If you only know a little bit about the early history of the United States, you've likely heard about the role of liquor in elections. In the first years of the republic, politicians of every stripe turned to distilled spirits and cider as tools for turning the votes their way. Polling places sported kegs of whiskey or barrels of cider, with drams ladled out to whomever wanted them. The more alcohol, the merrier. The candidates who offered the most often earned the most votes.
Most who relate this history suggest that by using liquor to blackmail of voters, office seekers corrupted the democratic process. These commentators point out that thankfully, the carefully regulated election venues of our time display no such irregularities.

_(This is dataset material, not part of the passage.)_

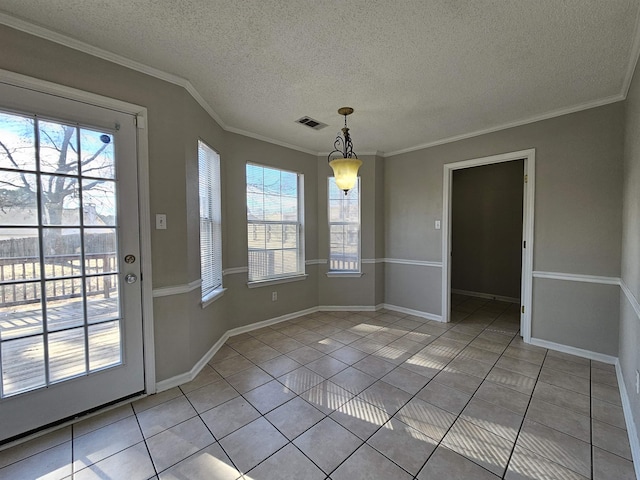 unfurnished dining area with crown molding, a textured ceiling, and light tile patterned floors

But consider this, from historian William J. Rorabaugh's classic, The Alcoholic Republic: An American Tradition:
"An office seeker who furnished strong beverages to the voters was expected to drink freely with them, and, by his drinking, to prove the soundness of his democratic principles, that he was independent and egalitarian, indeed truly republican. Many an aspirant for office became inebriated in order to show the voters that he was an autonomous, independent being. At the same time, a candidate's good nature and congeniality in his cups demonstrated his respect for his peers, the voters, and thereby confirmed his egalitarianism. Thus it was that a Pennyslvania tavern crowd stated that one popular contender's election was certain because he could and would 'get drunk with any man.'"
Proving one's republicanism, one's dedication to liberty, through the public consumption of spirits. It's foreign to us. But maybe we need just a little of that tomorrow, as we trudge off to the polls. Like that crowd in Pennsylvania, I'm going to have a shot of rye before I head to my polling place, and I hope that all you patriots do the same. Turn democracy in a bottle--rye--into a force for social and political change.